For every person who dies from lightning, about nine others survive, often with life-changing injuries. And as climate change makes severe weather and lightning more frequent, activists like Daya believe the Indian government is failing to protect its people. “The bare minimum is to disseminate all information about lightning, at least at the local government level,” Daya says.
India has systems in place to forecast dangerous storms, and these systems work by collecting large amounts of accurate data, says Sanjay Srivastava, president of the Climate Resilient Observing Systems Council (CROPC), an intergovernmental body that works to develop resilience to the effects of climate change, and convener of the Campaign to Resilient India.
“Detecting the exact location of a cloud-to-ground lightning strike requires a computational mechanism that involves at least three devices,” Srivastava says. These are a radio frequency detector, which detects radio waves produced by lightning, a Doppler weather radar, which detects precipitation and wind patterns associated with storms that can produce lightning, and a lightning detector, a device designed specifically to detect the electromagnetic signals produced by lightning strikes.
As of April 2022, the National Remote Sensing Centre of India has installed 46 lightning detection sensors across the country. Another research institute, the Indian Institute of Tropical Meteorology in Pune, has installed 83 sensors. These, along with other private and institutional data, monitor and control India’s lightning warning system.

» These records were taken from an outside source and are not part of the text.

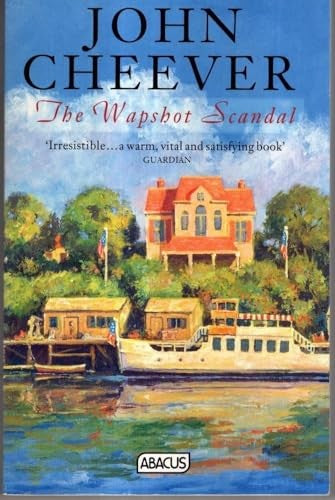 The Wapshot Scandal
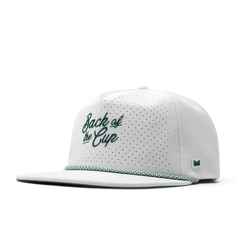 Coronado Links Hydro - White / Green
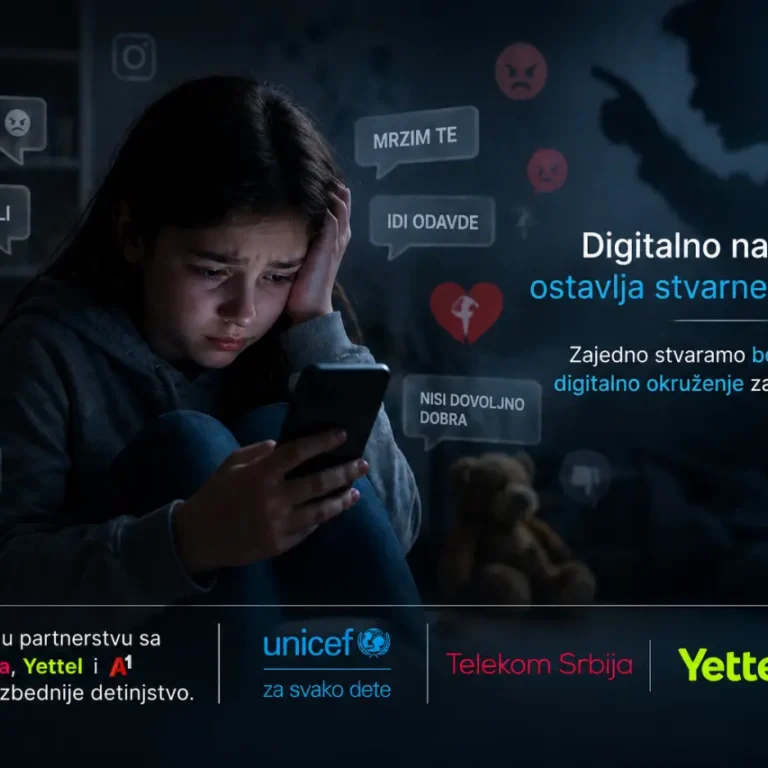 Istorijski sporazum operatora u Srbiji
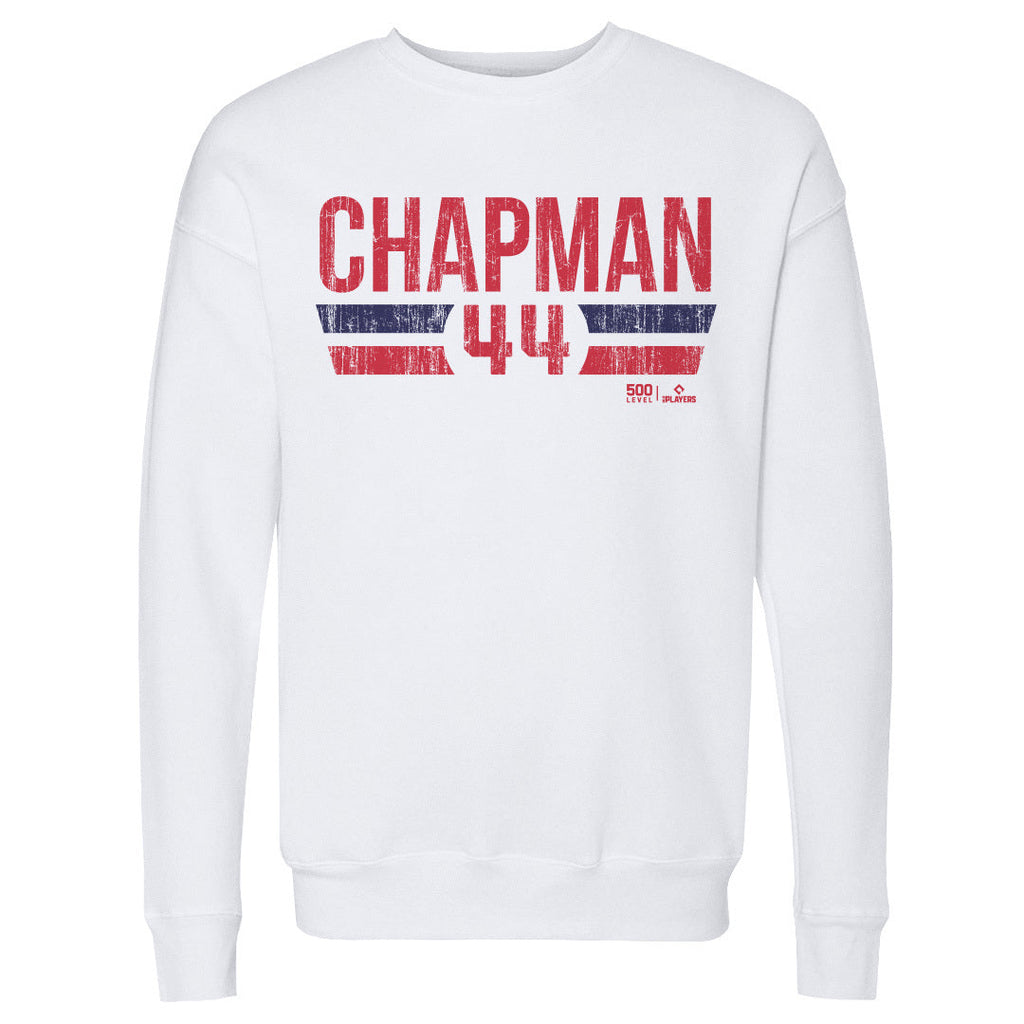 Aroldis Chapman Boston Font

According to the data, Jharkhand and other nearby areas in eastern and central India are among the hotspots in the country as this is where hot, dry air currents from the northwest meet moist easterly winds. When clouds encounter warmer air, the moist air rises and reaches sub-zero temperatures in the upper atmosphere, where it freezes into ice particles called hail. When this collides with other ice particles, it creates static electricity that can eventually trigger lightning. Global warming has been increasing this phenomenon.
However, despite advances in meteorology, the entire mechanism behind the generation and behavior of lightning remains partially shrouded in mystery. The exact trigger, the exact nature of lightning’s propagation through the atmosphere, and the factors that determine the strength of each lightning strike have not yet been fully elucidated. The danger to human life can only be predicted quite roughly.
Although these early warning systems exist, the information often does not reach people in time, so volunteers like Shankar work to educate people on how to stay safe and teach them how to make easy-to-make lightning arresters – devices that neutralise land mines.
It was raining lightly the day Shankar visited the Manjhi family home. On the way, he came across some farmers and locals taking shelter under trees. He stopped to tell them that standing under a tree when it is raining increases the chances of being struck by lightning. But they said they had no other place to take shelter.
Lightning casualties are more prevalent in rural areas, where infrastructure is limited. Concrete homes provide protection through a Faraday cage effect, but it’s less noticeable than in urban areas, and tall vegetation that workers use to hide can also attract lightning. Densely populated areas in storm-hit areas also see more casualties. “I would say there are two factors behind lightning casualties: there are a lot of environmental factors, and then there are socio-economic factors,” says Anand Shankar, who works in the Meteorological Department at the Bihar Ministry of Earth Sciences. (Anand and Daya are not related.)